With revolutionary fervor sweeping the Middle East these days, Israel is under mounting pressure to make a far-reaching offer to the Palestinians, or face a United Nations vote welcoming the State of Palestine as a member whose territory includes all of the West Bank, Gaza, and East Jerusalem.Rico says that, when you think about it, the Palestinian Authority isn't there and doesn't have any... (But Black September might make a comeback if things go badly in that month.)
The Palestinian Authority has been steadily building support for such a resolution in September, a move that could place Israel into a diplomatic vise. Israel would be occupying land belonging to a fellow United Nations member, land it has controlled and settled for more than four decades and some of which it expects to keep in any two-state solution.

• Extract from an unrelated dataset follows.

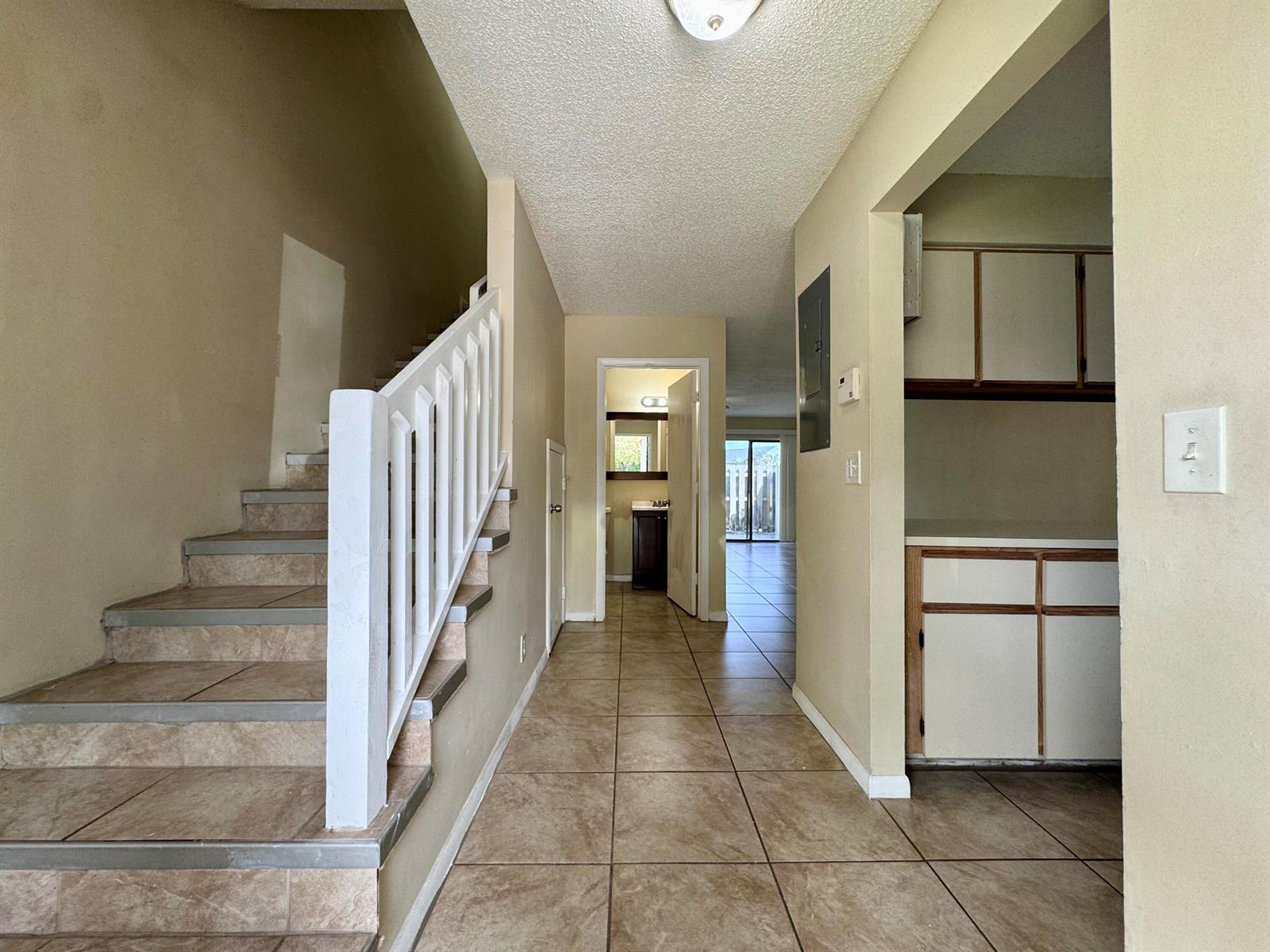 A tiled hallway leads to a bathroom and living area, with stairs on the left — 704 Riverside Drive, FL 33463, FL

“We are facing a diplomatic-political tsunami that the majority of the public is unaware of, and that will peak in September,” said Ehud Barak, Israel’s defense minister, at a conference in Tel Aviv last month. “It is a very dangerous situation, one that requires action.” He added, “Paralysis, rhetoric, inaction will deepen the isolation of Israel.”
With aides to Prime Minister Benjamin Netanyahu thrashing out proposals to the Palestinians, President Shimon Peres is due at the White House to meet with President Obama and explore ways out of the bind. The United States is still uncertain how to move the process forward, according to diplomats here.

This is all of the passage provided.